On August 23, 1906, General Alejandro Rodriguez, chief of the Rural Guard informed President Tomas Estrada Palma of the fulfillment of his order to kill General Quintin Banderas, but his macabre task did not conclude when the president demanded that his remains be thrown into a common grave so that he would not have a tomb of his own where he would be remembered and flowers would be placed.
The reason for Estrada Palma’s hatred towards the brave mambi was that, besides being black, anti-annexionist and opposed to the Platt Amendment, he had risen up in the so-called “August War” in Havana, with members of the Liberal Party, against the politician’s pretensions to change the laws in order to continue in the presidency.
Quintín Banderas was not the only mortal victim of the president’s ambitions, directly involved in the assassination in 1905 of his youngest and most capable opponent, the Mambí colonel and lawyer Enrique Villuendas, who earned his ranks by dint of courage at only 21 years of age, and at 26 conquered a seat in the House, where he distinguished himself for his oratory and great charisma.
The omnipotence of Estrada Palma and his accomplices was so great that they did not worry too much about hiding the General’s crime, nor the identity of its material executors’ -a group of soldiers under the command of an officer subordinate to the head of the Rural Guard-, so the newspaper La Lucha published: “Captain Delgado arrived carrying the corpse of Quintín Banderas.
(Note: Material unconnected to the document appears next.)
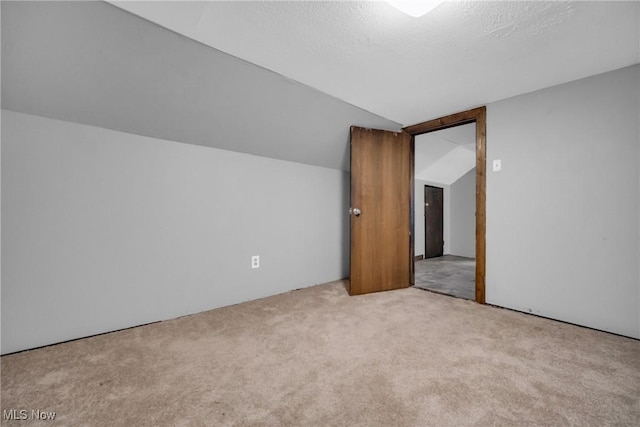 bonus room featuring lofted ceiling and light carpet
This news has caused a magnificent effect in the Palace…”.
A comrade-in-arms of the outstanding mambí, General Enrique Loynaz del Castillo, also against the government, declared that when Quintín’s death was known, the government officials commented: “That one does not pass any more trochas”.
He had fought in the three wars of independence and was the legendary leader of the Mambo infantry that accompanied Lieutenant General Antonio Maceo and Generalissimo Gomez in the invasion of the west in the 1895-1898 war.
When the neo-colony was established in 1902, with no means of subsistence, he asked President Estrada Palma for a job, and the latter offered him a job as a garbage man and he could only support his family by becoming a traveling salesman of the soap brand Candado, in a cart that he drove with his worn general’s suit with all his decorations through the neighborhoods of Havana, where he was acclaimed by the people.
In 1906 in the presidential term of Estrada Palma was to end, who, with the support of a circle of sycophants and privileged members of his administration tried to change the Constitution in order to be reelected, which was opposed by the Liberal Party, who in August rose up against those pretensions.
Quintín Banderas, 71 years old, joined the movement in the region of Arroyo Arenas, El Cano, and Wajay to participate in several actions such as the assault to towns and a train, but when he realized the failure of the insurrection he sent a petition to the president for a safe-conduct that would allow him, with a guarantee for his life, to leave the weapons, and he waited for the answer on a farm in the area where he operated.
The president received the letter, but wishing to give a lesson to his political enemies, he unloaded all his hatred against the old mambi, who confidently saw an advance guard of the Rural Guard arrive on August 23 and, believing that they were complying with his request, told them: ” My friends this is over! I knew you were coming to get me with the Government paper. I have many friends!”.
Those were his last words before falling down shot by the soldiers, who finished him off with machetes, and the same fate befell several of his companions.
His corpse was taken in a wagon to the cemetery of Colón, where the priest Felipe Augusto Caballero placed an epitaph on the tomb for identification and then told Quintín’s widow: “Justice has been done to the General. His children will not lose the remains of their father”, according to versions of the time.
It would take 53 years for the true ideals of independence and a dignified homeland, for which the brave General Quintín Banderas had fought and given his life, to triumph on January 1, 1959, and put an end forever to that nightmare of a neocolonial republic.